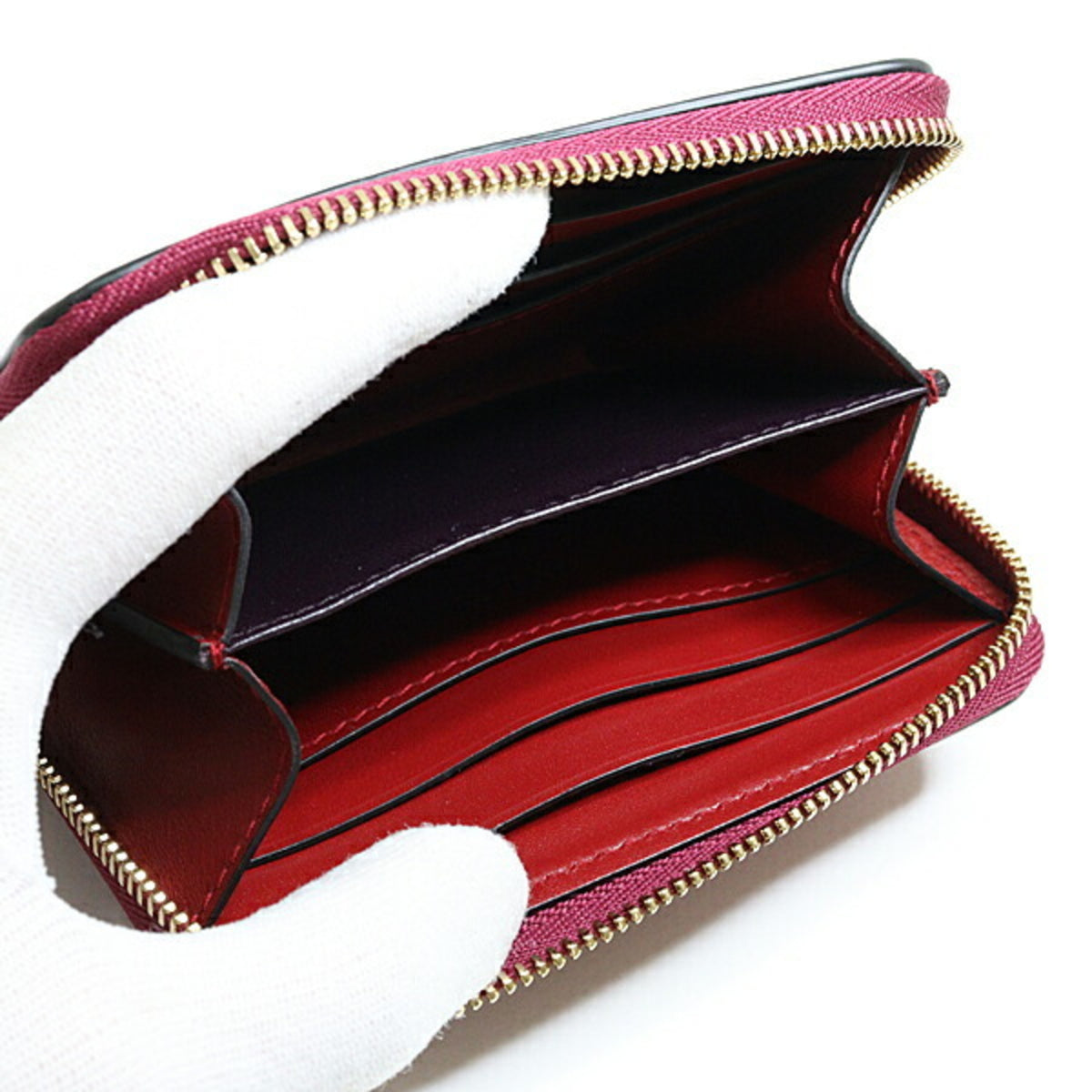 Bvlgari Red Color Wine Leather Coin Purse/Coin Case (Pre-Owned)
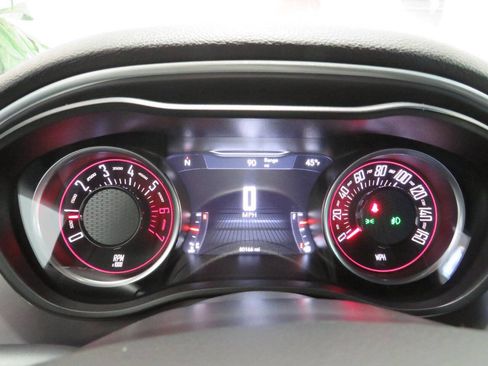 Used 2019 Dodge Challenger R/T image 18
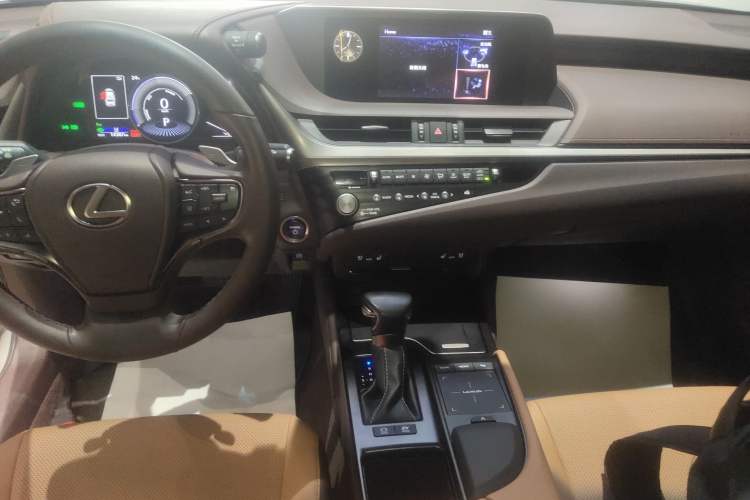 Used Lexus ES 2020 300h Deluxe Edition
========================
Write the material out again word for word and omit any images.

RESPONSE BOX →
 Bvlgari Red Color Wine Leather Coin Purse/Coin Case (Pre-Owned)
 Used 2019 Dodge Challenger R/T image 18
 Used Lexus ES 2020 300h Deluxe Edition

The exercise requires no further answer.